_EXTRACTED INFORMATION_.
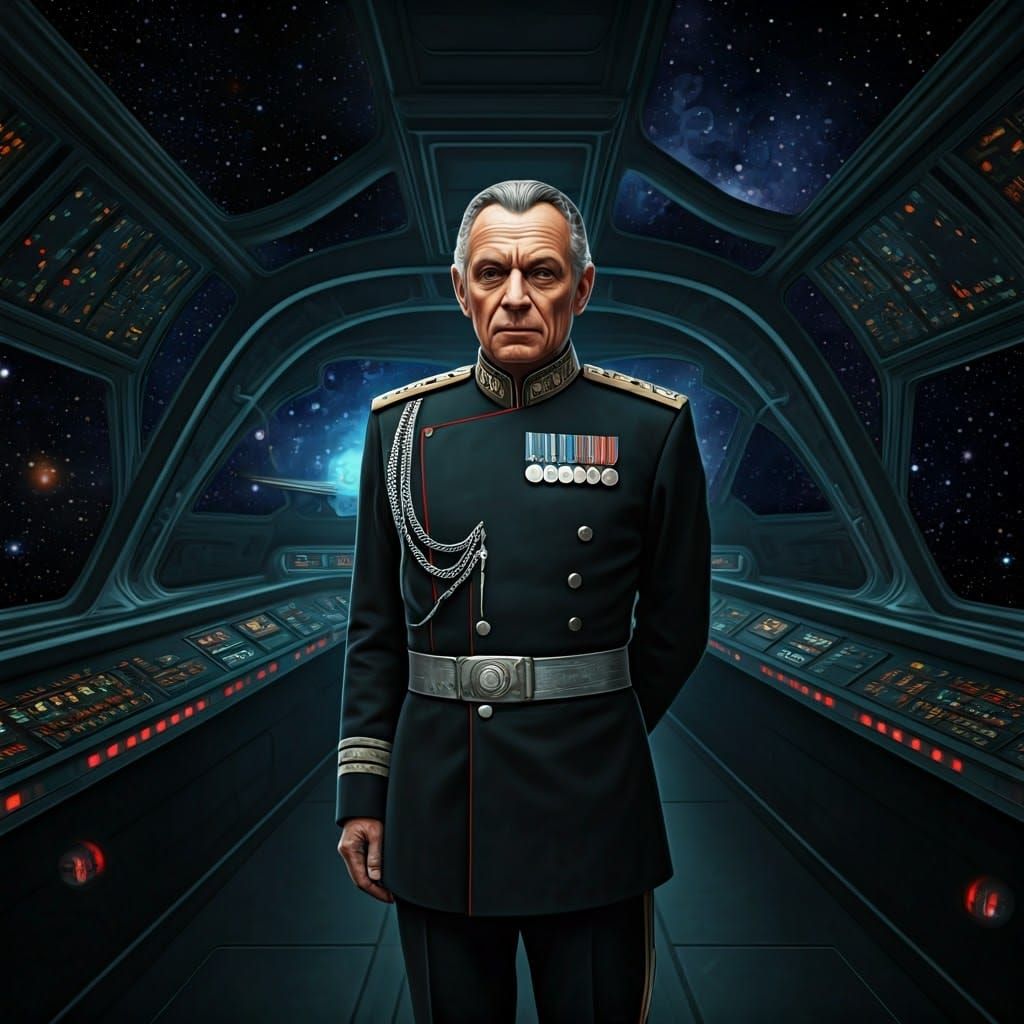 Vogon Admiral on Spaceship Bridge in Sci-Fi Style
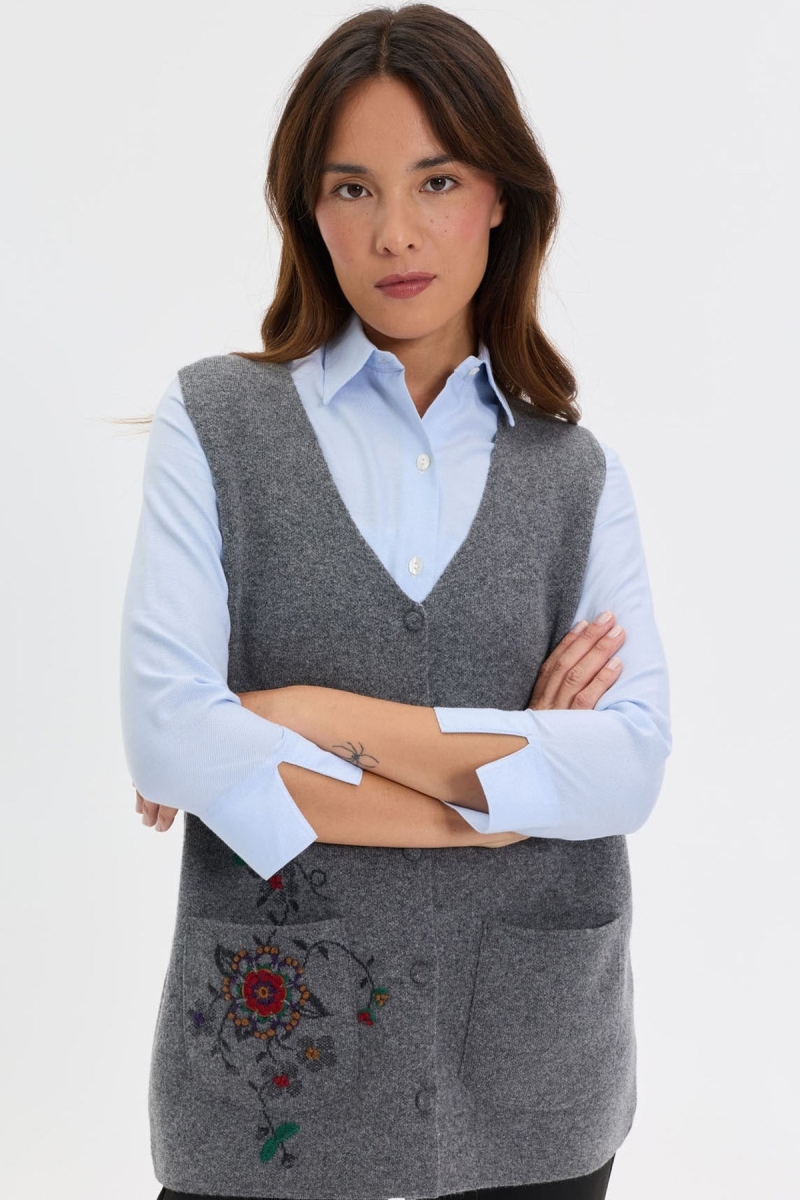 Desen Triko Kadın V Yaka Çapraz Desenli Kısa Yün Yelek Füme Füme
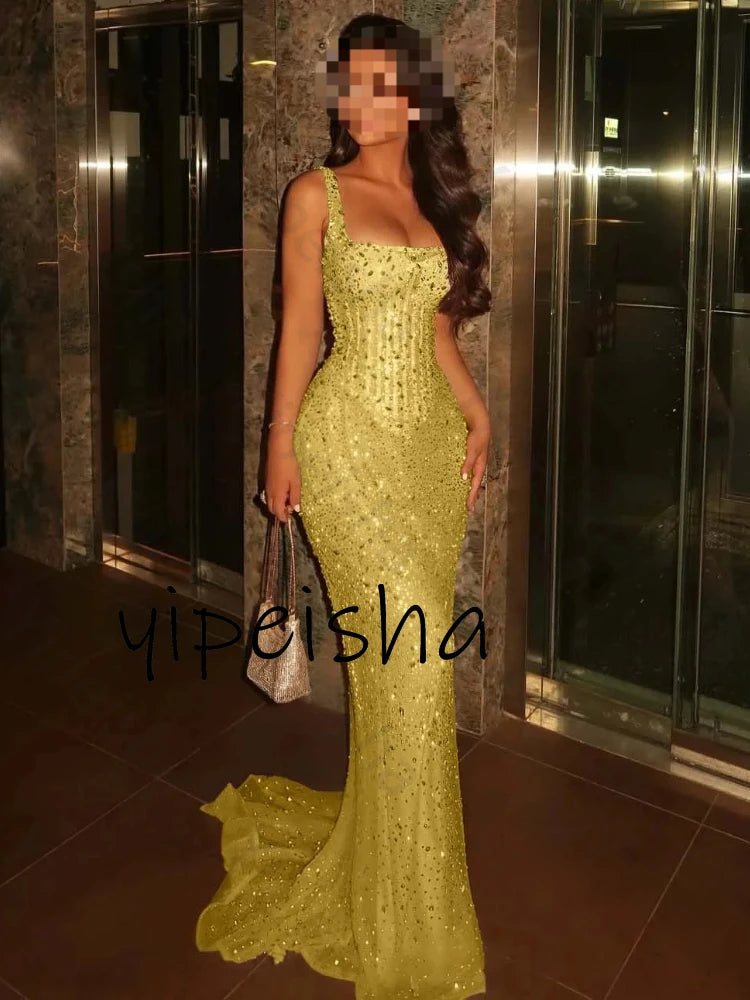 Elegant Mermaid Court Train Evening Dresses Shiny Sequins Square Collar High Quality Sexy Prom Party Gowns for Women Customized
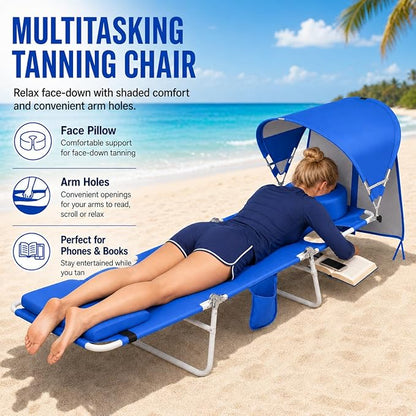 Backpack Beach Tanning Lounge Chair with Canopy Shade Face Hole Padded Adjustable Washable, 6 Position Layout Chair for Outside Sunbathing Poolside Lawn, UPF 50+ Wind-Resistant Sun Shade, 2Pack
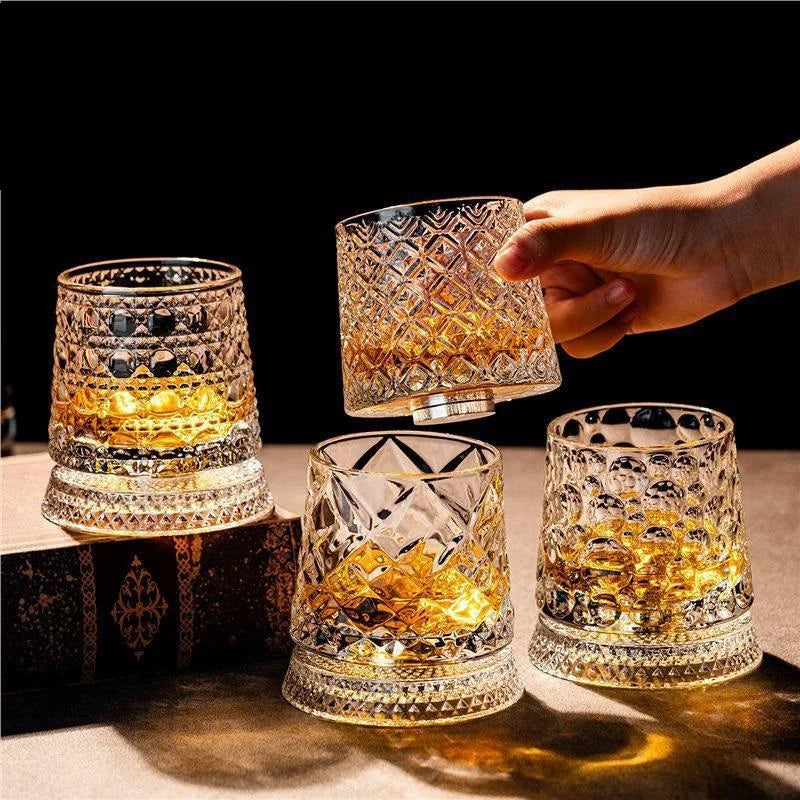 360° Rotating Whiskey Glass – Tumbler Spin Crystal Cocktail Cup Rotating Whiskey Glass Axl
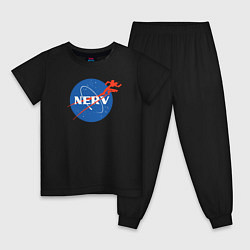 Пижама хлопковая детская Nerv, цвет: черный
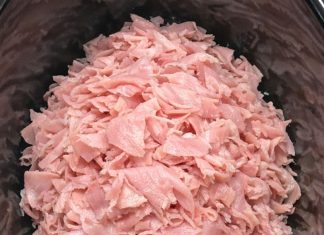 Toss a pile of shaved deli ham in the slow cooker with 3 other ingredients and get a meal so delicious your family will be begging for more.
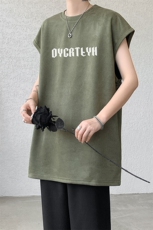 短袖背心男夏季新款港风宽松鹿皮绒圆领套头大码坎肩T9933-P19，男装背心/马甲，星座214-3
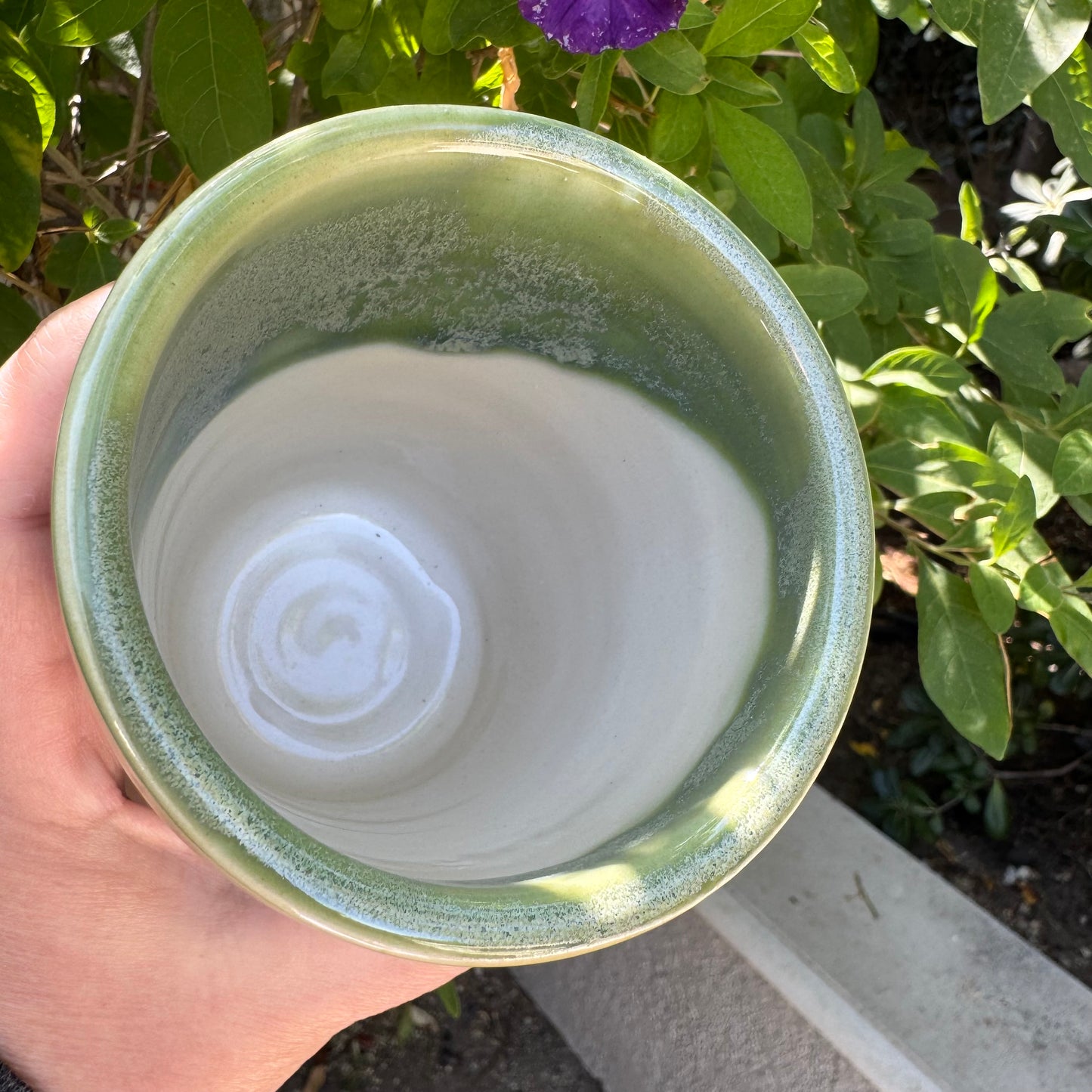 Mossy Green & Cream Tumbler | Wheel Thrown Stoneware | Handmade Pottery Cup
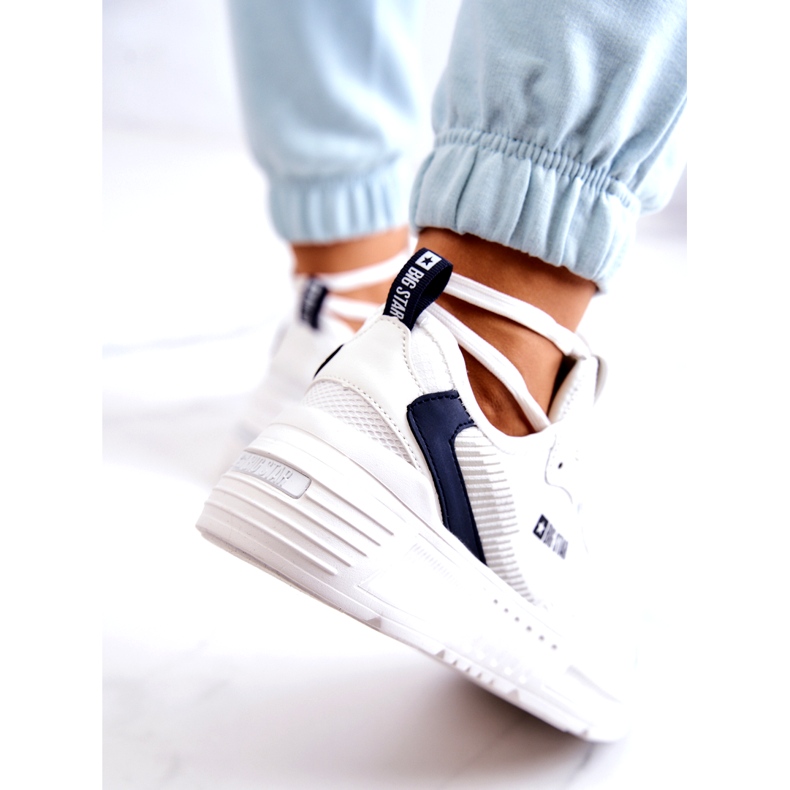 Muodikkaat tennarit urheilukengät Big Star JJ274596 Valkoinen laivastonsininen 2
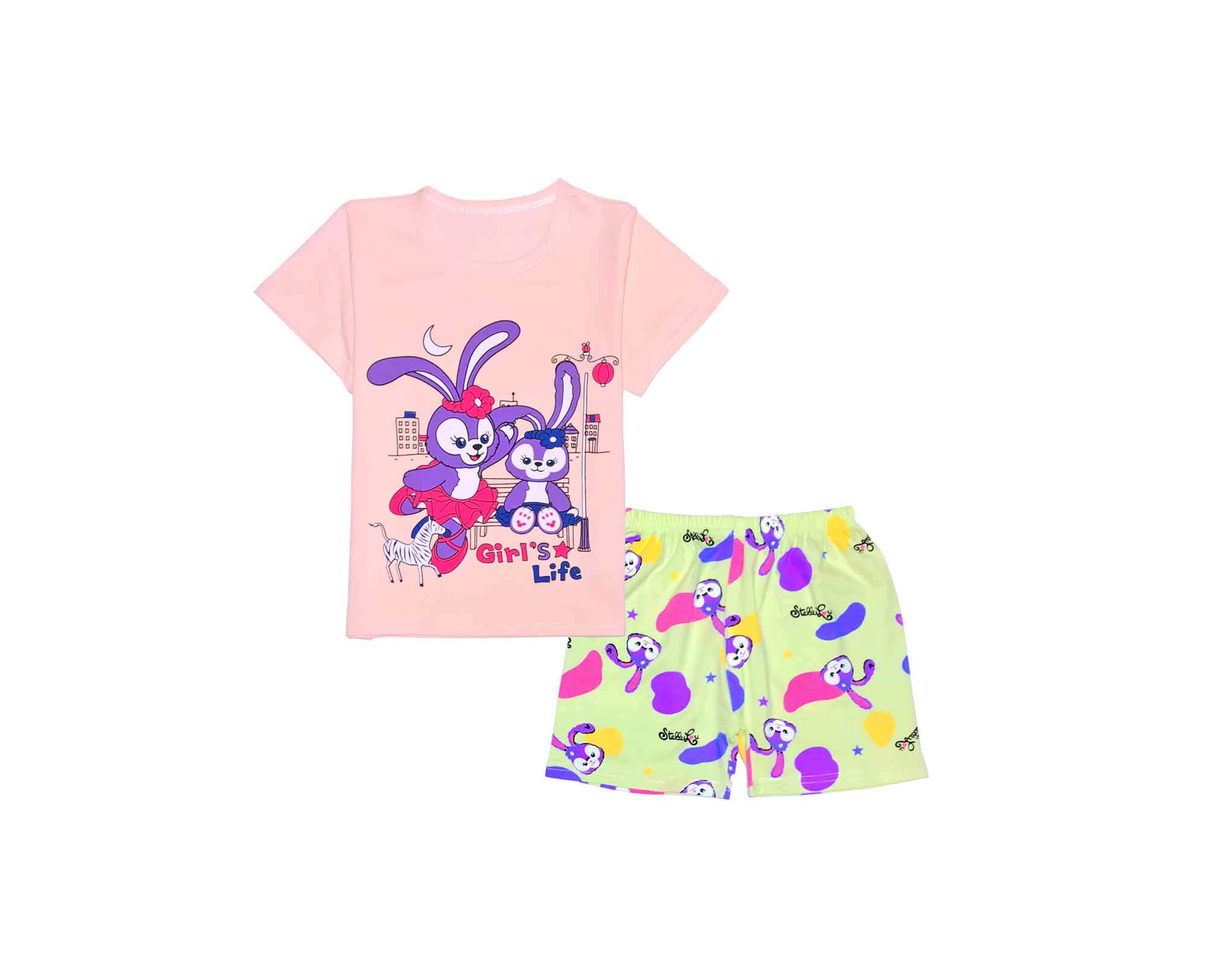 Girls Life Tee & Trouser - Peach & Pistachio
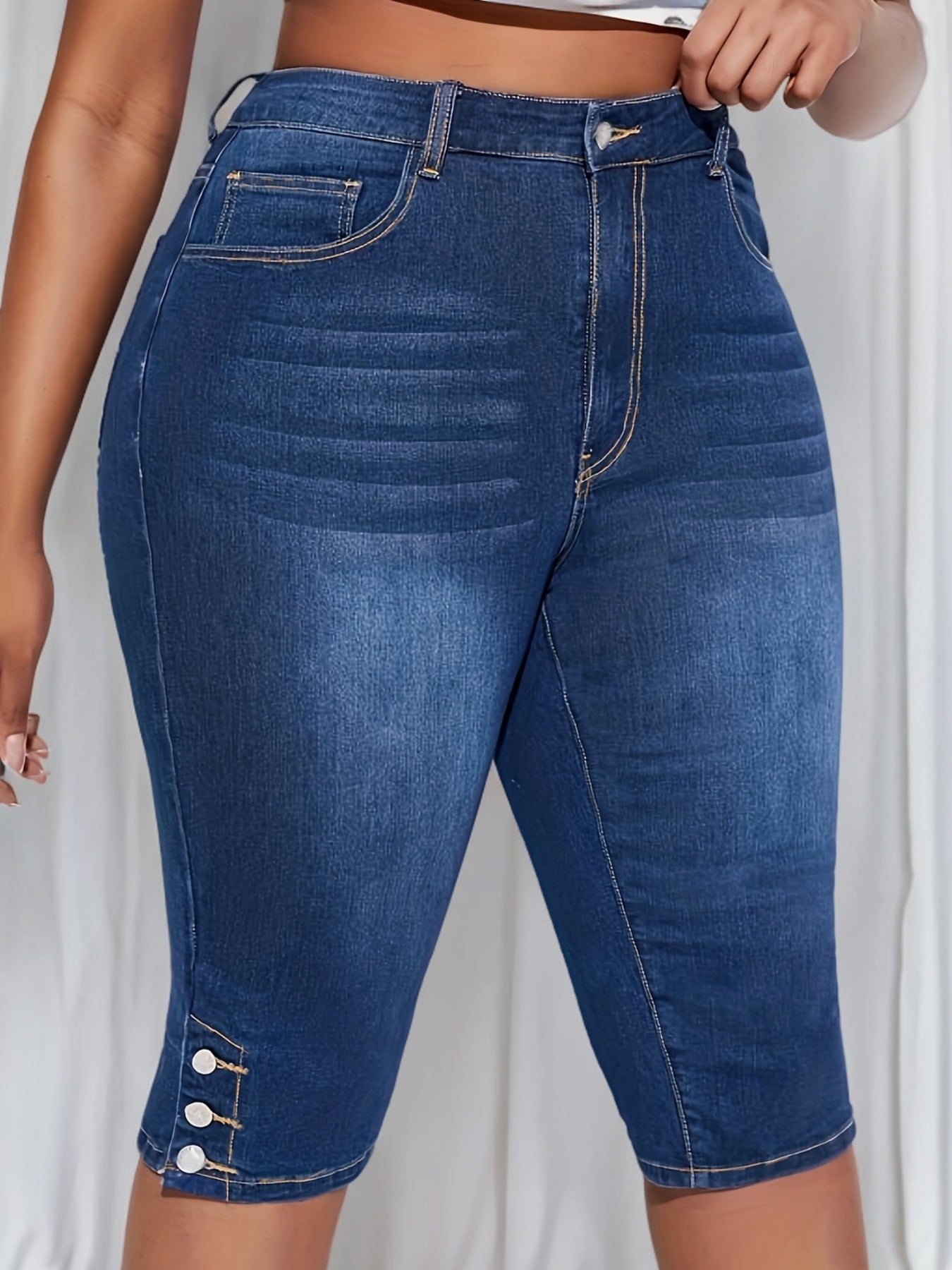 Ayollar uchun kengaytiriladigan elastik denim shimlar - Elastik bel, kundalik va rasmiy kiyim uchun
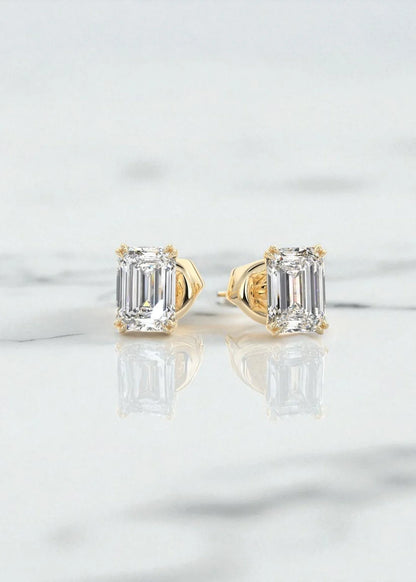 1 ct Emerald-Cut Lab-Grown Diamond Stud Earrings – Elegant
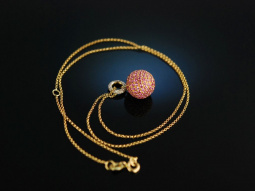Twinkling Pendant! Traum Kugel Anh&auml;nger mit Kette Gold 750 Pink Saphire Brillanten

_AIM OF THE EXERCISE_.
Only the lines from the one containing "Mossy Green &" through the last line of the material should be returned, exactly and without pictures.

_ANSWER SECTION_.
 Mossy Green & Cream Tumbler | Wheel Thrown Stoneware | Handmade Pottery Cup
 Muodikkaat tennarit urheilukengät Big Star JJ274596 Valkoinen laivastonsininen 2
 Girls Life Tee & Trouser - Peach & Pistachio
 Ayollar uchun kengaytiriladigan elastik denim shimlar - Elastik bel, kundalik va rasmiy kiyim uchun
 1 ct Emerald-Cut Lab-Grown Diamond Stud Earrings – Elegant
Twinkling Pendant! Traum Kugel Anh&auml;nger mit Kette Gold 750 Pink Saphire Brillanten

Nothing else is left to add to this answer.